Approaching the Question

Clarifying Questions and Requirements

If you’ve done any preparation or any interviews, you will know you need to ask clarifying questions and get the requirements. Treat your unimplemented solution as a black box and try to describe the inputs and the outputs. Take Twitter for example:

  • Are tweets text only?
  • How will customers get data out of the system? Browser, phone, REST API?
  • Can a customer send one tweet at a time or many?
  • Do users have accounts or is this anonymous?
  • Is user following enabled?
  • Are there multiple feeds or one giant aggregated feed of tweets?

You might be thinking “Do you even know how Twitter works?” If you are, good. You need to make sure you and the interviewer are on the same page. You can’t come up with a design that has every current Twitter feature so make sure to scope it down to a few specific features. Saying “I’m going to implement user accounts, tweeting text only, and retrieving messages without the follower system as my first round” is extremely helpful. The interviewer will know that you are aware that there are more features and are choosing to defer than rather than forgetting them. This also makes the problem easier. If you don’t specify which aspects you are implementing, you and your interviewer will have different ideas about a good answer.

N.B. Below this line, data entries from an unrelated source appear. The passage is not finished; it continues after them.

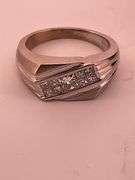 Men’s certified 18k white gold diamond ring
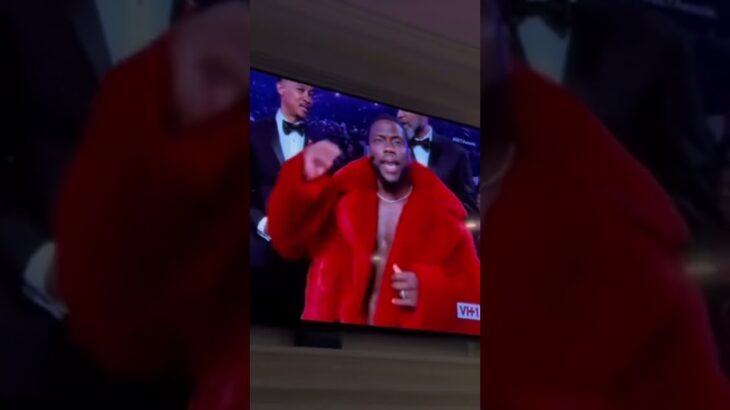 Who gave #kevinhart my jacket?! 😂 #betawards #usher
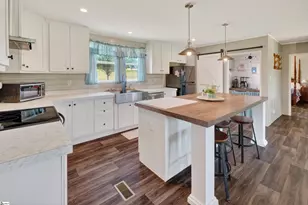 580 Melvin Hill Rd, Campobello, SC 29322 - Photo 9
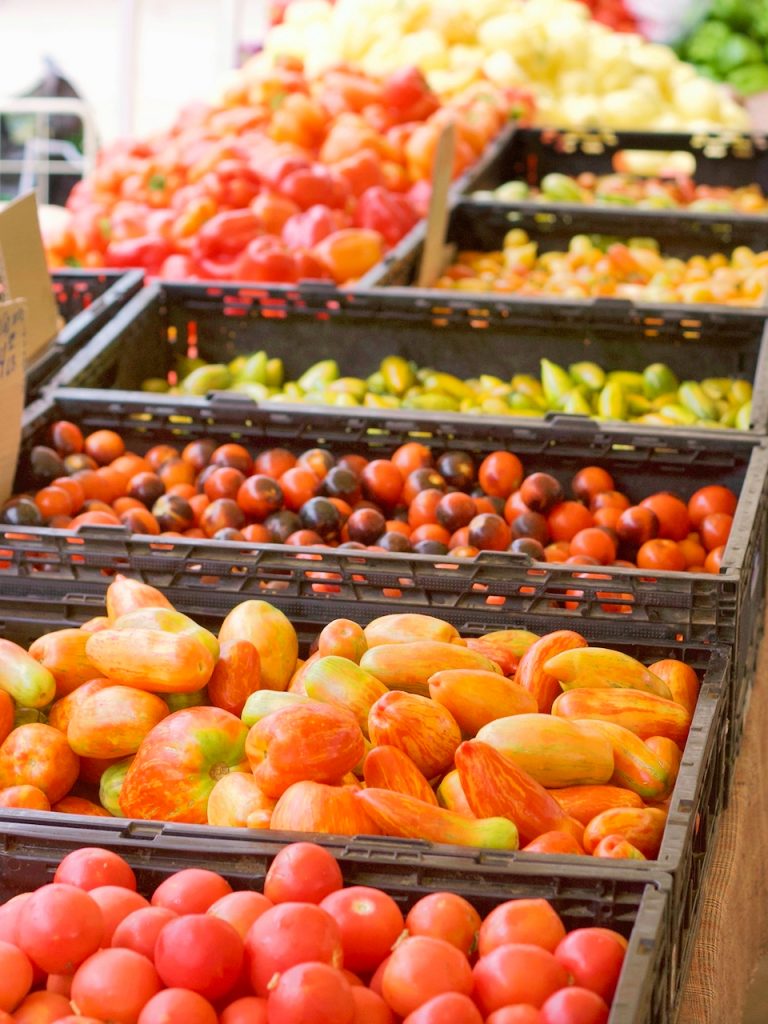 tomatoes at the farmers market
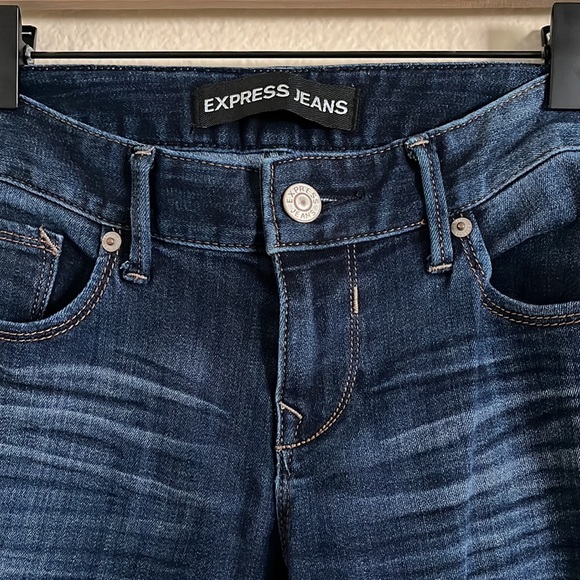 Express dark wash Jean - Picture 4 of 5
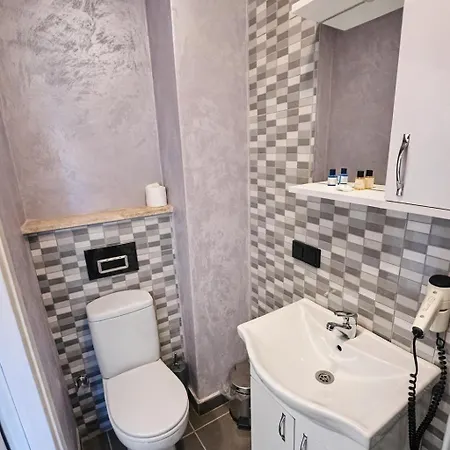 Heart Of Pera By Allyon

Note: These interviews are 45 to 60 min. It’s better to start small and then discuss enlarging the scope with the interviewer than the other way around.

Always identify the data.

The data tells you a lot about the design. What data is being sent? What data is being stored? Does the data need to be sorted? How quickly does the data need to be available? This provides another way to get requirements. Example:

  • How will data be searched? Maybe we start with hashtag search only.
  • Can anyone see all tweets or are some tweets restricted viewing? We can start with all public.
  • When we search for tweets, do we return all of them that match or only the top 100 most recent? Let’s do all of them at first for simplicity.

The Boxes

What are the boxes? Don’t be thrifty on the boxes. Boxes are more easily grouped than separated. You can do a “discovery” style and follow a single piece of data through the system.

For example, a customer hits the “Tweet” button from their browser. This goes to some server, the TweetManager. The tweet needs to be stored and show up in the user’s page and the global feed (as per requirements of no custom feeds). The tweet also needs to be searched later by hashtags (as per requirement of hashtag search only). This tells us we need a place to store the whole tweet, TweetStore. We might also need to store user information that can reference their tweets, UserStore and maybe UserManager. Somewhere else, we need to support hashtag searches, SearchTagManager and/or HashTagStore. Finally, we can throw in notifications for fun and have  NotificationManager. Here’s what that looks like:

Twitlines

  1. The user tweets and the tweet is sent to the TweetManager (here we assume that the user is logged in and is who their cookies or headers say they are).
  2. The TweetManager stores the Tweet in the TweetStore. At this point it is linked to the user that posted it.
  3. The TweetManager sends the hashtags in the tweet along with a reference to the tweet in the TweetStore.
  4. The HashtagManager adds the tweet reference to the list of all tweets related to that hashtag in the hashtag store (this creates a link to the tweet store).
  5. The TweetManager sends a completed message to the notifier which then shows everyone logged in that a new tweet has been posted.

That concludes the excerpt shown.